### To do
From the first line down to the line containing "Lilac Bloom Handblock A-Line Dress", print the records below exactly, leaving every picture out.

### Dataset records
┄┄┄┄┄┄

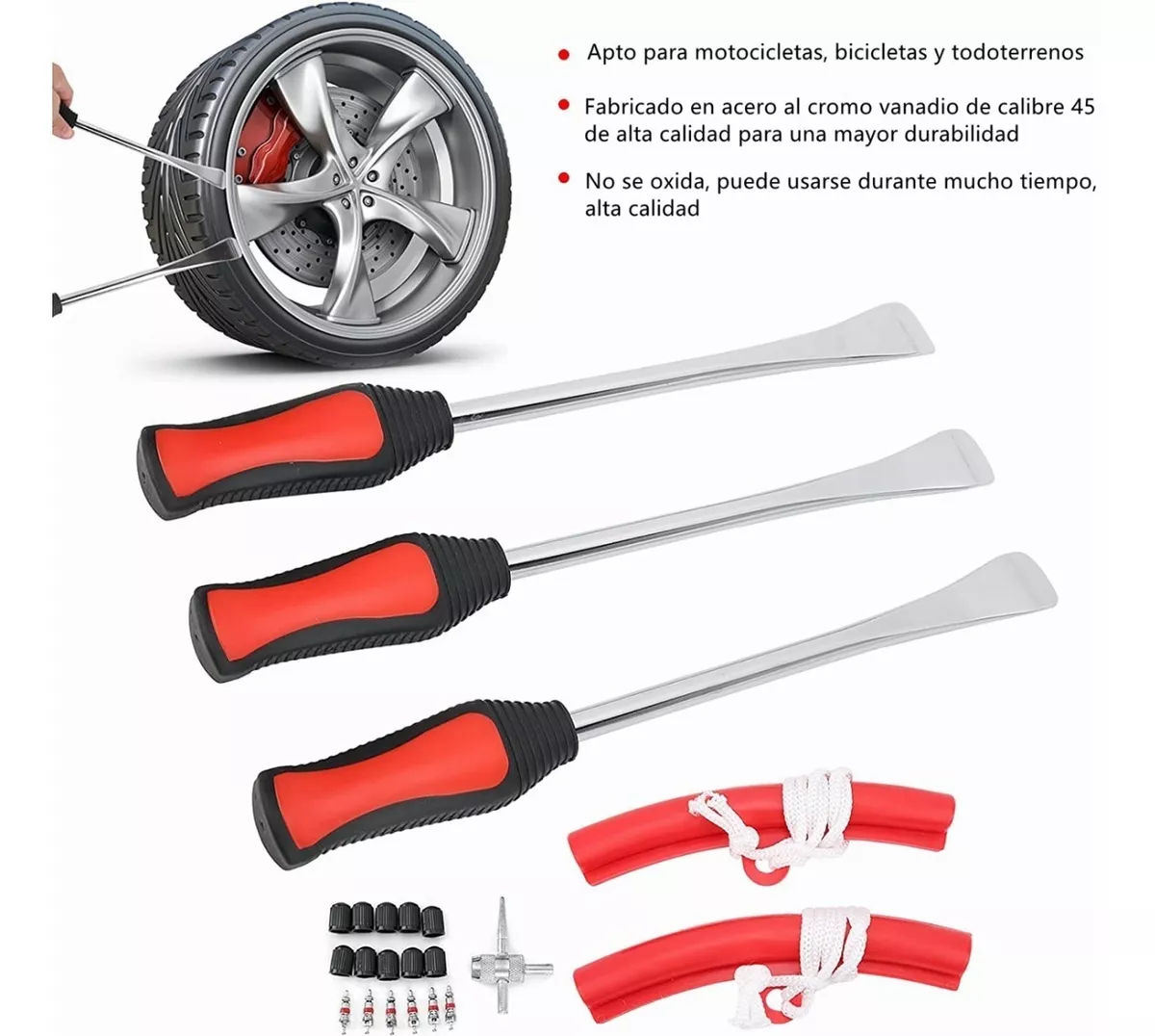 Kit de herramientas para palanca de neumáticos, cucharas y protectores de  llanta de rueda, kit de herramientas para motocicleta, motocross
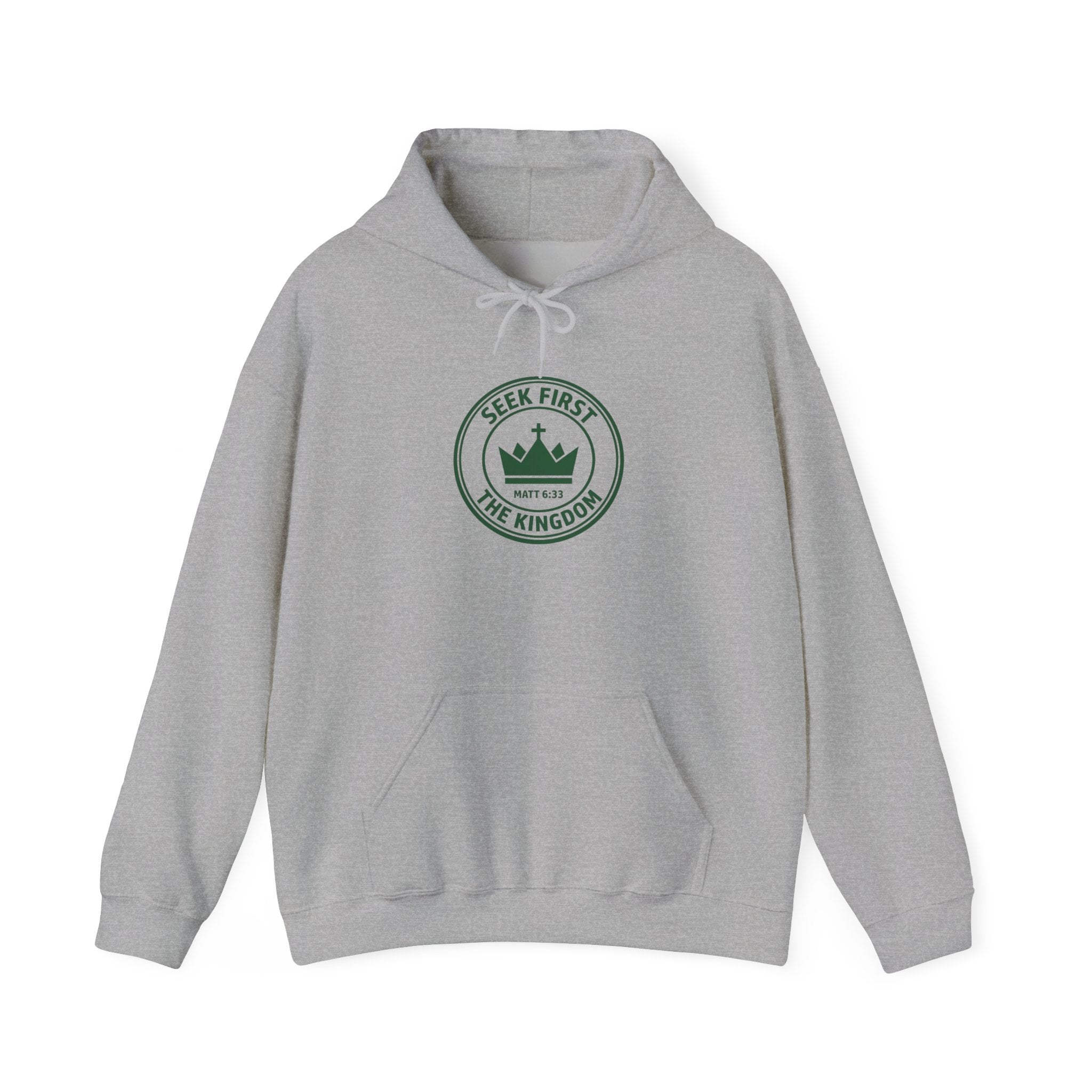Seek First the Kingdom Hoodie | Christian streetwear, vintage-wash crest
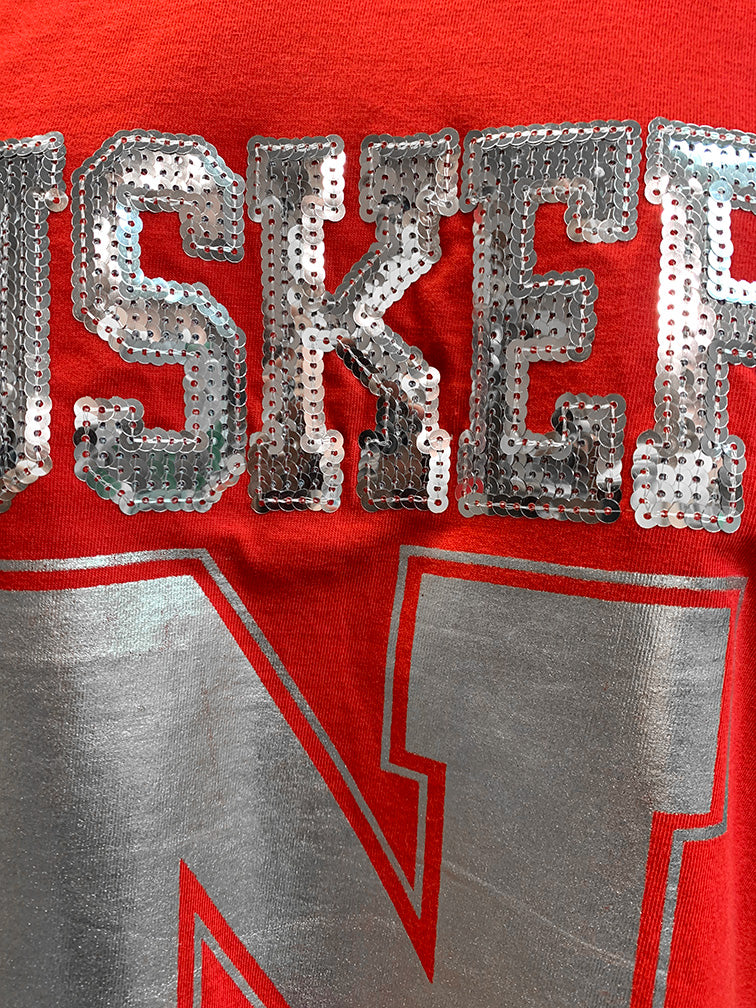 Womens Huskers Sequins VNeck Waist Length Tee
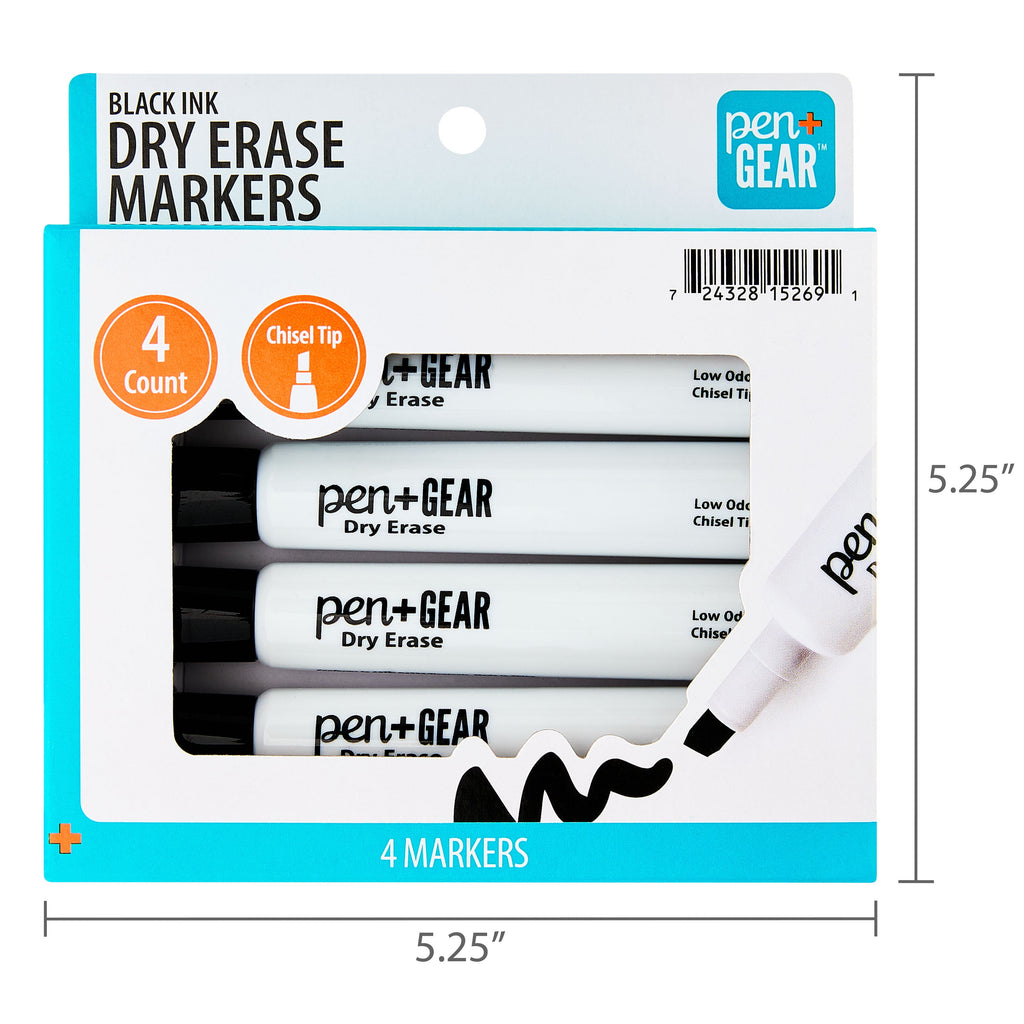 Pen+Gear Dry Erase Markers, Chisel Tip, Black, 4 Count
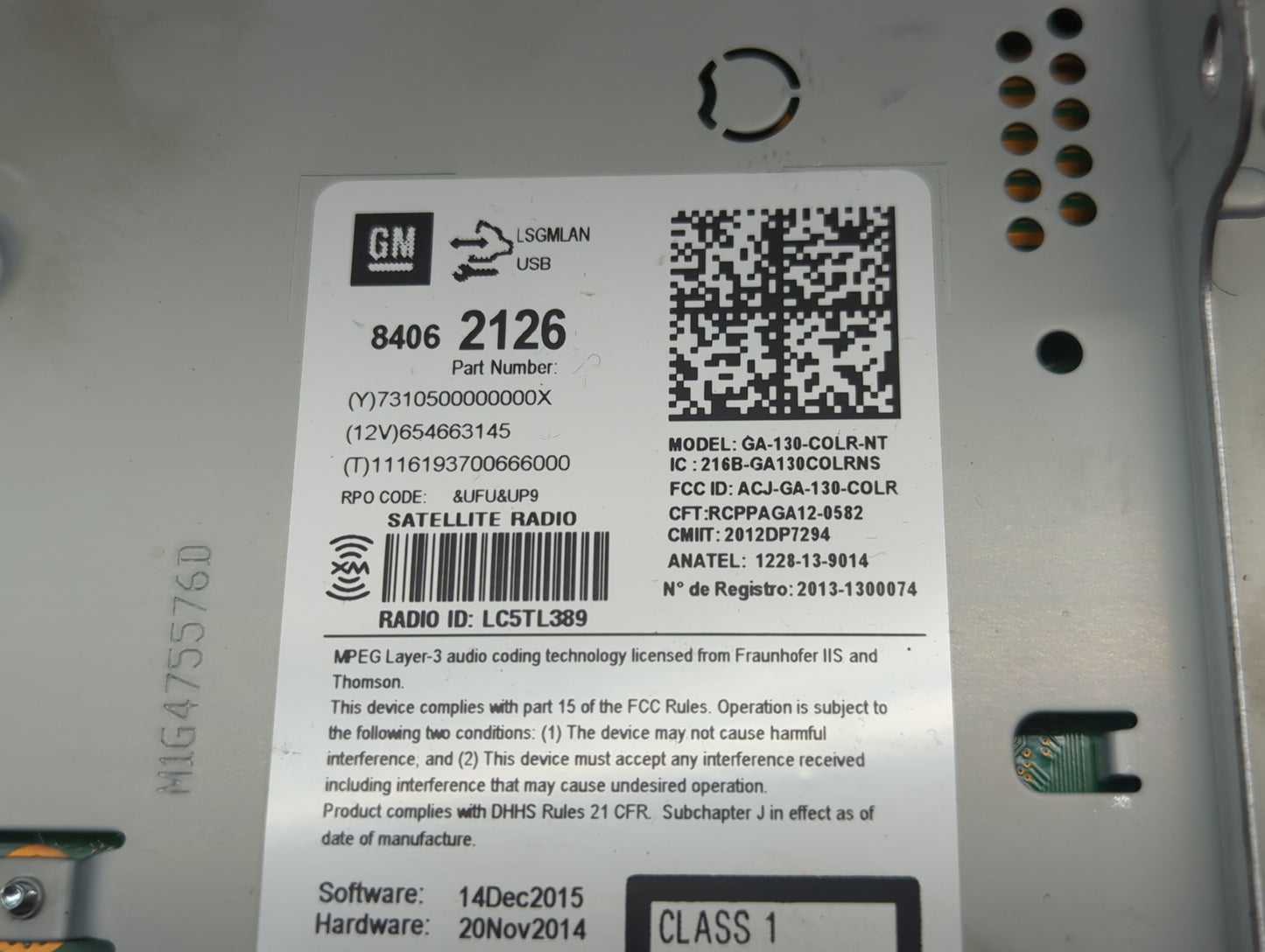 2017 Buick Verano Radio AM FM Cd Player Receiver Replacement P/N:84062126 GA-130-COLR-NT, 216B-GA130COLRNS Fits Fits 2016 OE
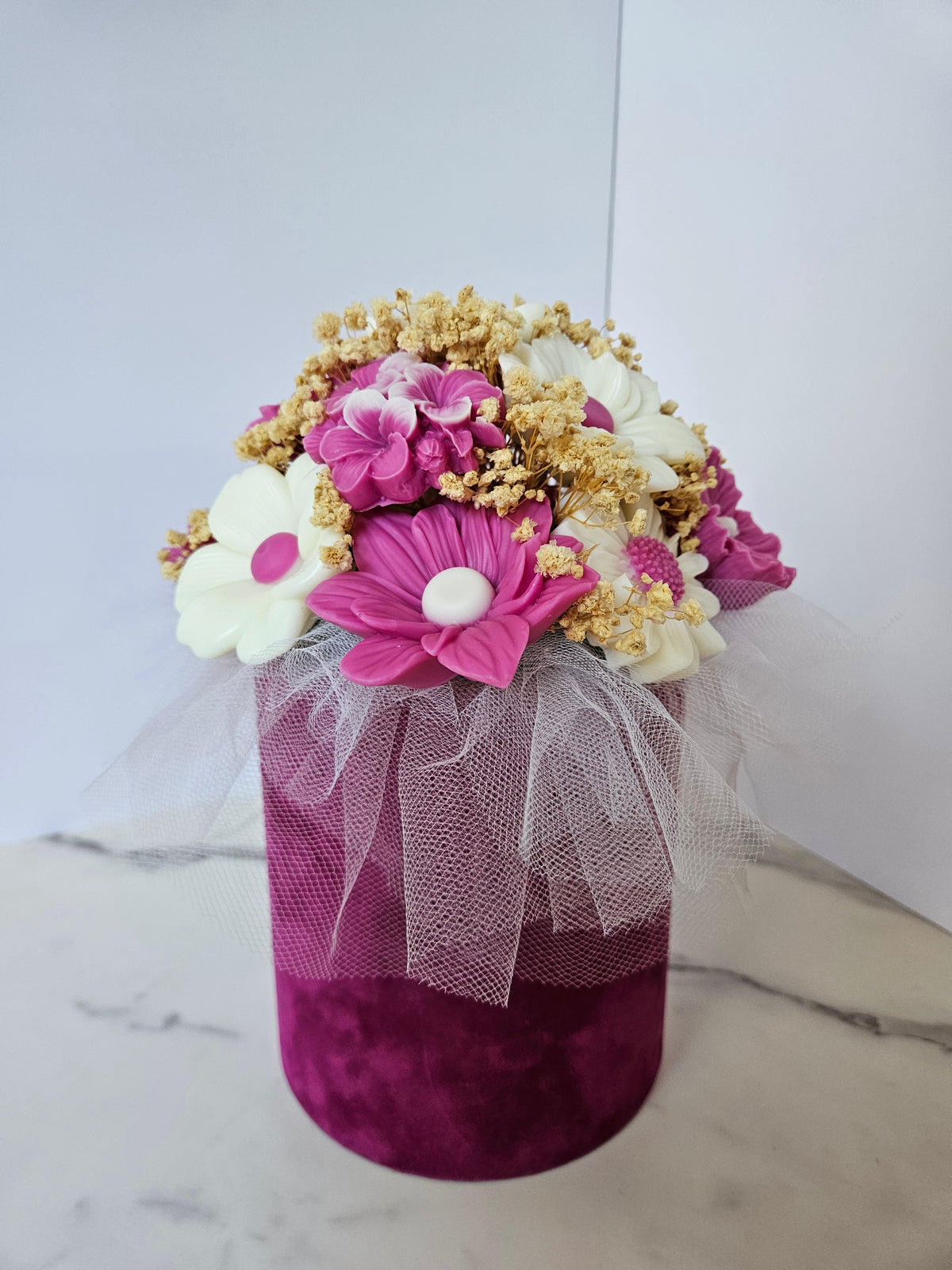 Pink velvet flower box candle bouquet - Size M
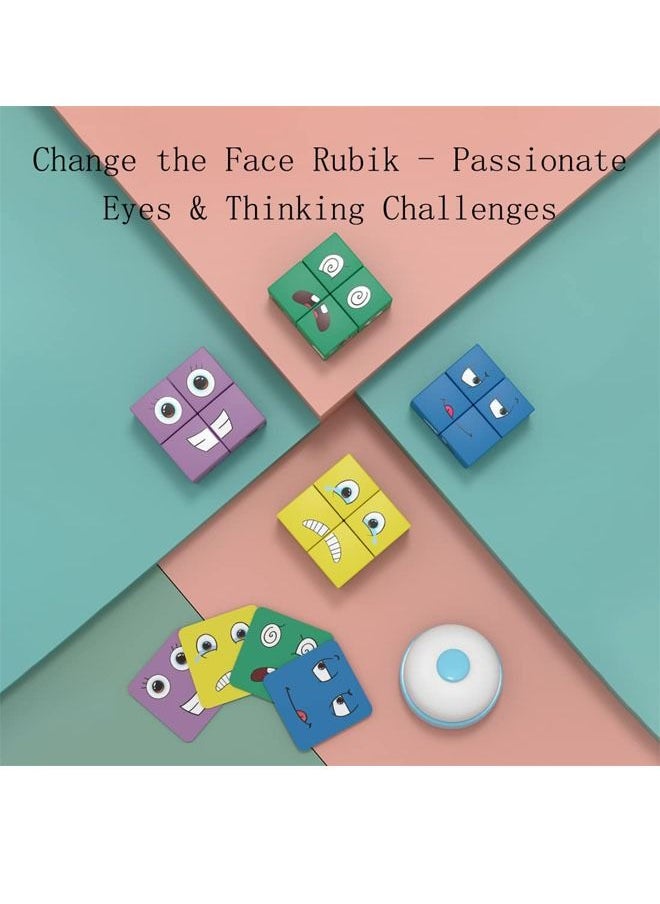 ELLEGLAM - Wooden expression change puzzle, face Rubik's cube matching building block puzzle, family puzzle game - Image 1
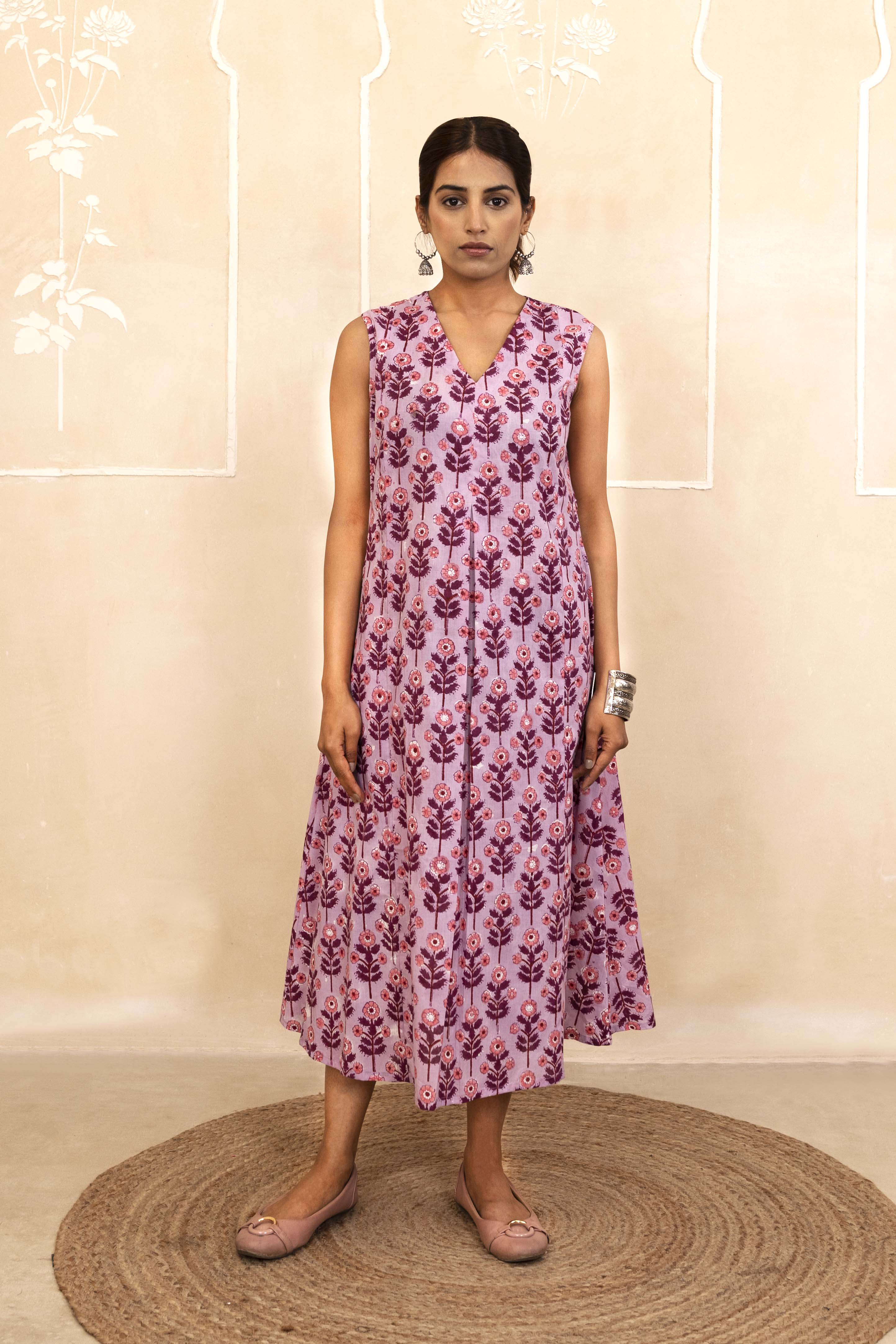 Lilac Bloom Handblock A-Line Dress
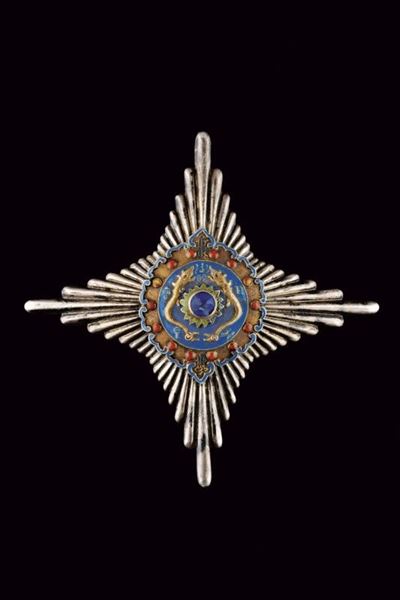 Ordine Imperiale del Doppio Dragone, placca di argento smaltato e dorato, fine XIX secolo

┄┄┄┄┄┄

### Written response
 Kit de herramientas para palanca de neumáticos, cucharas y protectores de  llanta de rueda, kit de herramientas para motocicleta, motocross
Seek First the Kingdom Hoodie | Christian streetwear, vintage-wash crest
 Womens Huskers Sequins VNeck Waist Length Tee
 Pen+Gear Dry Erase Markers, Chisel Tip, Black, 4 Count
 2017 Buick Verano Radio AM FM Cd Player Receiver Replacement P/N:84062126 GA-130-COLR-NT, 216B-GA130COLRNS Fits Fits 2016 OE
 Pink velvet flower box candle bouquet - Size M
 ELLEGLAM - Wooden expression change puzzle, face Rubik's cube matching building block puzzle, family puzzle game - Image 1
 Lilac Bloom Handblock A-Line Dress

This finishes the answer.